Dimanche 20 juillet 2008

            Jean est arrivé hier en milieu d’après-midi mais, comme je devais me rendre à la soirée littéraire d’Ussel, c’est à peine si j’ai pu échanger quelques mots avec lui avant de quitter Les Bordes. Il va faire une radieuse journée. Nous nous installons dans les sièges de toile, devant la buanderie. Mon Vieux Cinge est devenu un homme, un père aimant, soucieux. Lina, qui s’est levée un peu plus tard, lui tourne autour, ne le quitte pas. Paul nous rejoint et c’est, un court instant, un peu, le temps d’avant, quand ils étaient petits, que nous les descendions de Paris, où ils étaient nés, où leurs jours se passaient, dans la vieille Corrèze, où ils avaient eu leurs vies antérieures. Cathy passe, attrape la petite, l’entraîne dans la salle de bain, la coiffe, lui enfile une jolie robe à fleurs et nous la rend. L’autre, sac au dos, gambade et sautille près de nous. Nous marcherons, Jean et moi, jusqu’à l’embranchement de la route, sous le berceau des chênes, parlant doucement, sérieusement, comme font les adultes puisqu’il en est un, lui aussi, désormais.

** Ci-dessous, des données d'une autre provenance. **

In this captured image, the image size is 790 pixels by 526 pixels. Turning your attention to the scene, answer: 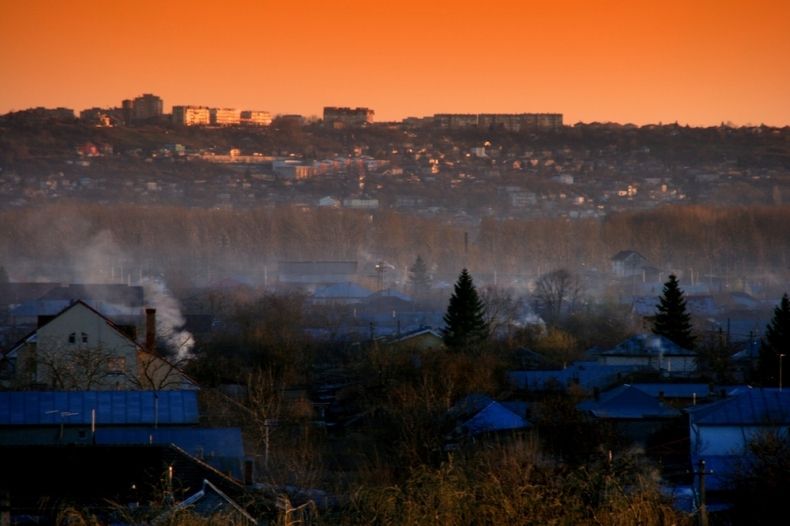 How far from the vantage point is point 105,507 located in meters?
17.8

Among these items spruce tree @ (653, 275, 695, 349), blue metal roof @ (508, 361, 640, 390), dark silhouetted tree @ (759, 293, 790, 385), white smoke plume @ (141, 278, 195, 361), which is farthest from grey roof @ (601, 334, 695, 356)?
white smoke plume @ (141, 278, 195, 361)

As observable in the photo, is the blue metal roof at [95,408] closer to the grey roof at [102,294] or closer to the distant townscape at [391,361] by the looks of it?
the distant townscape at [391,361]

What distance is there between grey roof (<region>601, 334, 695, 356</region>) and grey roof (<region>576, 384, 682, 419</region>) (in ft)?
28.2

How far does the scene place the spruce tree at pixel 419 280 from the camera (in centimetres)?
8425

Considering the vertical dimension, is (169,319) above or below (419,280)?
above

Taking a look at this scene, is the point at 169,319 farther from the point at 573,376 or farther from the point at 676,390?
the point at 676,390

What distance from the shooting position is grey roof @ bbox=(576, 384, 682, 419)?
3512 cm

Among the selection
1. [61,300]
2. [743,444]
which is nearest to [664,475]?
[743,444]

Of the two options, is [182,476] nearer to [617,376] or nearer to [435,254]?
[617,376]

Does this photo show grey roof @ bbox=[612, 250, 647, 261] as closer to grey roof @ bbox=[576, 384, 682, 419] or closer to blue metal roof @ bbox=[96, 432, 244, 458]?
grey roof @ bbox=[576, 384, 682, 419]

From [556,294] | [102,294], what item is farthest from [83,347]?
[556,294]

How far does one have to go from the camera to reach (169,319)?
5625cm

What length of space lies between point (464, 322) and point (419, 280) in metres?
40.0

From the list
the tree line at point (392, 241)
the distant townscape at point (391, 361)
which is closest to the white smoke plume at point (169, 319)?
the distant townscape at point (391, 361) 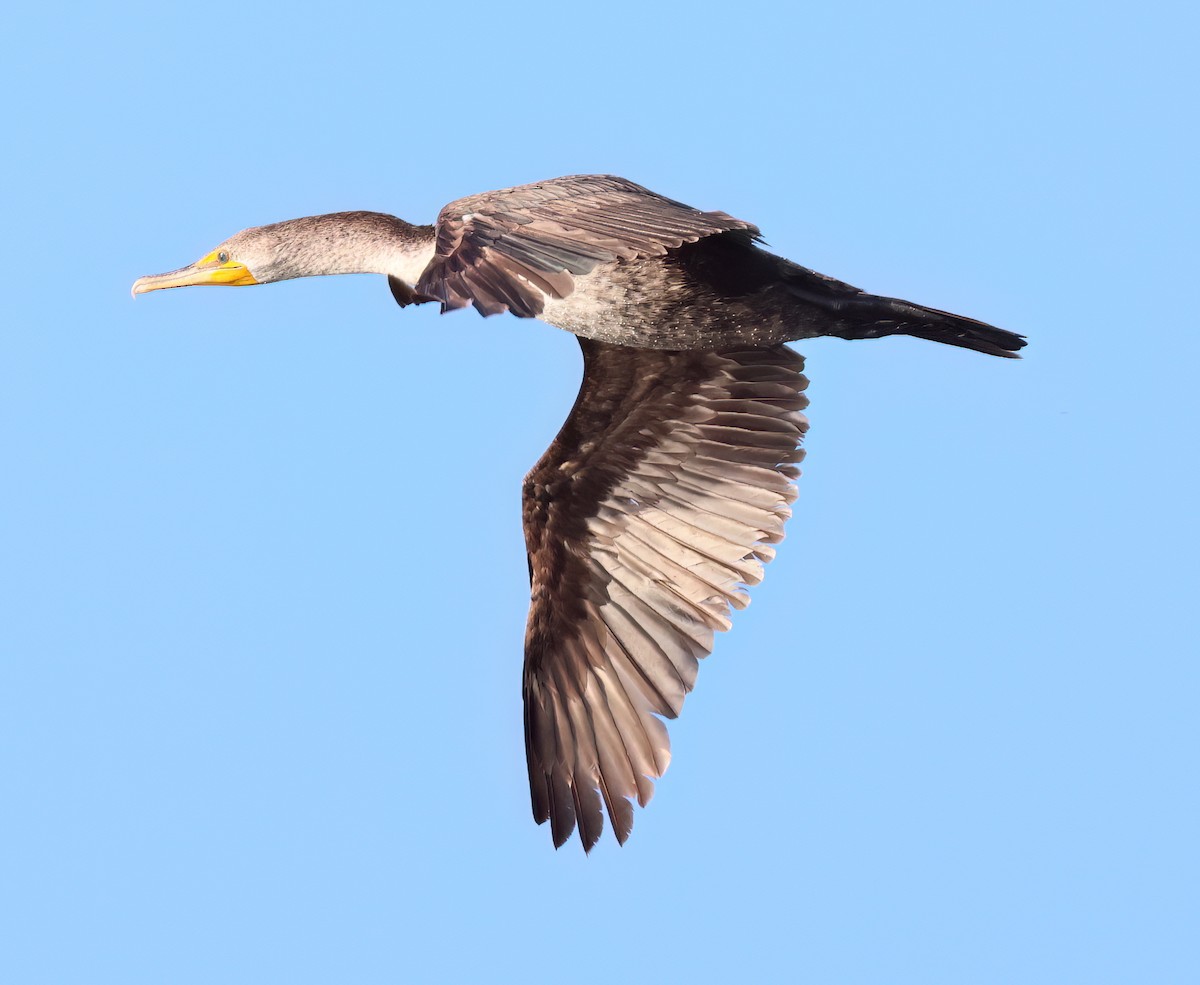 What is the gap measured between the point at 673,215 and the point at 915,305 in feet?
4.84

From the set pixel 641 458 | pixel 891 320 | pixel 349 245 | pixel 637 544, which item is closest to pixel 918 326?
pixel 891 320

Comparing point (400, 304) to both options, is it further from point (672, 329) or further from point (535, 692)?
point (535, 692)

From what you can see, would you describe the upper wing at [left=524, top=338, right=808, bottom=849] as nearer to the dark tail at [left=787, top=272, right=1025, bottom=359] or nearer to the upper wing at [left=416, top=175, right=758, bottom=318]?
the dark tail at [left=787, top=272, right=1025, bottom=359]

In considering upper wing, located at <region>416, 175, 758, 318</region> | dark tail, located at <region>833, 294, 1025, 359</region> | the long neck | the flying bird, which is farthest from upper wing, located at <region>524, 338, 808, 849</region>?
upper wing, located at <region>416, 175, 758, 318</region>

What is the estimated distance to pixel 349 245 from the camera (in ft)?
24.0

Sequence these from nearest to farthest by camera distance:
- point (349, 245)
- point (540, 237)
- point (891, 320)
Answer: point (540, 237) → point (349, 245) → point (891, 320)

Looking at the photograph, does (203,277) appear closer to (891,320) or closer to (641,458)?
(641,458)

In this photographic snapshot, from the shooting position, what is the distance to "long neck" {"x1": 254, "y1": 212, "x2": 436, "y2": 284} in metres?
7.10

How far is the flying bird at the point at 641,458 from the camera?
7.29 meters

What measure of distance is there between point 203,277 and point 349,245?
82 cm

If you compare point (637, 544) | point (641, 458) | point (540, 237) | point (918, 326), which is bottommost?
point (637, 544)

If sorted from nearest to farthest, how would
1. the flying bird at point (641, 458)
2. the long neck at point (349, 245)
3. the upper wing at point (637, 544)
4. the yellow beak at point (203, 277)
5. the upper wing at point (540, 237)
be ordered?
the upper wing at point (540, 237) < the long neck at point (349, 245) < the flying bird at point (641, 458) < the yellow beak at point (203, 277) < the upper wing at point (637, 544)

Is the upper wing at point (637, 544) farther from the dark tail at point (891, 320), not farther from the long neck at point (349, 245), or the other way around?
the long neck at point (349, 245)

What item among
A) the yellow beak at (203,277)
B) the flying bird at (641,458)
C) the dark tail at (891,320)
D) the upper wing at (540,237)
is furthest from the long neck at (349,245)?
the dark tail at (891,320) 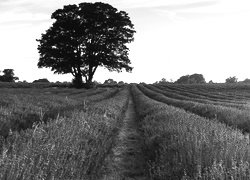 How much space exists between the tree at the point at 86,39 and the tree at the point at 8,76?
182ft

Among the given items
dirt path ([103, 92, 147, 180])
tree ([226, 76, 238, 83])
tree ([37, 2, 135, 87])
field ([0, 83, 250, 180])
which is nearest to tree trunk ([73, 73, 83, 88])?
tree ([37, 2, 135, 87])

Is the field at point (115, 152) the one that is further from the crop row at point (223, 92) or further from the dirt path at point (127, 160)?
the crop row at point (223, 92)

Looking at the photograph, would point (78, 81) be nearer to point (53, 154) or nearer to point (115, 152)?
point (115, 152)

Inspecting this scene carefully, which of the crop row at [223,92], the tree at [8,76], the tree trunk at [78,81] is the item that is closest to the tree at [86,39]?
the tree trunk at [78,81]

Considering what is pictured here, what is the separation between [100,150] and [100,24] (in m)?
33.0

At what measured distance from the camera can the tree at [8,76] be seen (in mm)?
87375

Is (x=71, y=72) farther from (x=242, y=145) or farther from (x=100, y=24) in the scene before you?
(x=242, y=145)

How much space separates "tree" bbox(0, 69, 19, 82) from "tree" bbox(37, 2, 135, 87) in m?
55.4

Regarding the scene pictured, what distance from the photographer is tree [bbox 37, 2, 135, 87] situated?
37031mm

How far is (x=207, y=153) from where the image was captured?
4.33 m

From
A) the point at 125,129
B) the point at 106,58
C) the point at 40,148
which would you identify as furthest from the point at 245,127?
the point at 106,58

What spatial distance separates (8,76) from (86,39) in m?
60.6

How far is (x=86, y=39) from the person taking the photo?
3791 cm

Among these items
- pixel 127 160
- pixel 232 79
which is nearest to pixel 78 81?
pixel 127 160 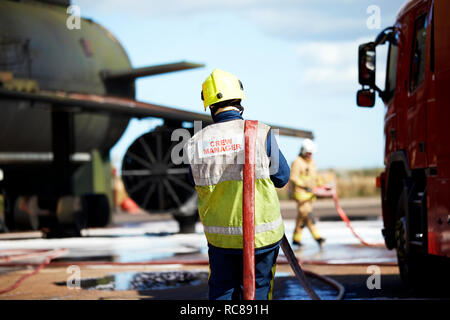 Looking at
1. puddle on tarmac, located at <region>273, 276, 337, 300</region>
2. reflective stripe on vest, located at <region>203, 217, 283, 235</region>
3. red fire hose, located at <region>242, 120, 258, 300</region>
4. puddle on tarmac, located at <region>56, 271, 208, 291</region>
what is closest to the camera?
red fire hose, located at <region>242, 120, 258, 300</region>

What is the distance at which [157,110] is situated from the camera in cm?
1808

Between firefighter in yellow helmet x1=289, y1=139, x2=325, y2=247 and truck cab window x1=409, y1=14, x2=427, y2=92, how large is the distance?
5.62m

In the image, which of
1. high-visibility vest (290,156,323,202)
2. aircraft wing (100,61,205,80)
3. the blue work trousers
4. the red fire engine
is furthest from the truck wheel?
aircraft wing (100,61,205,80)

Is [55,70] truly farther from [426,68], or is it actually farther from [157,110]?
[426,68]

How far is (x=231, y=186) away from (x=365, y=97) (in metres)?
4.96

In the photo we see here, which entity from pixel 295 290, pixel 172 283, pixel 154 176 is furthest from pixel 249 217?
pixel 154 176

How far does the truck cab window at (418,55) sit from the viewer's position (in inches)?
319

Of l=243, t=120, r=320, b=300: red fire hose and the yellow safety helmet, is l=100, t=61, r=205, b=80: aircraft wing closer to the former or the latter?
the yellow safety helmet

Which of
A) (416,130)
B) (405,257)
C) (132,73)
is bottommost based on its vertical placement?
(405,257)

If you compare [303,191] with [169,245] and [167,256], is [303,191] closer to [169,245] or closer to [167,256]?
[167,256]

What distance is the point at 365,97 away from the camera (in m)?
9.59

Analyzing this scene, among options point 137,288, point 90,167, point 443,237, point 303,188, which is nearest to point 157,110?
point 90,167

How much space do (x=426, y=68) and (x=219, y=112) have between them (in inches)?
129

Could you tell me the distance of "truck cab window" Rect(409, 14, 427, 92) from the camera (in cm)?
811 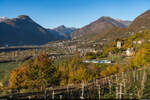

            Avec Cathy, nous les conduisons, sa fille et lui, à Meymac, à une heure et demie. Le suspens dominical accuse encore, s’il se peut, le vide et l’absence du pays. Pas une âme, dans les rues que nous traversons pour atteindre la gare. Rien n’a changé depuis quarante ans et plus que je suis descendu ici, pour la première fois de ma vie. Il neigeait, beaucoup. Les noires forêts de la Corrèze haute défilaient à la vitre de la Micheline, à travers la bourrasque, et le froid m’était rentré dans le corps, pour ne le plus quitter, lorsque j’avais pris pied sur le quai duveteux de la gare, effaré, seul comme jamais je ne l’avais été. Mais ces événements très insolites me restaient comme extérieurs. C’est que je montais voir, dans le plus grand secret, la princesse et la fée de mon adolescence. Laquelle est présentement assise à mes côtés, sur la dure banquette de bois de la salle d’attente, comme si tout était simple et facile, naturel, acceptable, écrit d’avance alors que c’est le contraire, en termes de vie ou de mort que la question se pose, tôt, de savoir si et à quelles conditions on peut consentir à continuer. Bon. Nous passons sur le quai peu avant que le TER n’entre en gare. Le soleil donne durement, malgré l’altitude. Il y a trois autres voyageurs, pour Limoges. Sur le ballast, deux frettes de traverse, un tire-fond rouillés. Les deux voitures, bleu sombre, museau aérodynamique, vastes vitres fumées, entrent à l’heure dite dans le décor de maisons vieillottes, de bois, resté des années trente et emportent Jean et Lina.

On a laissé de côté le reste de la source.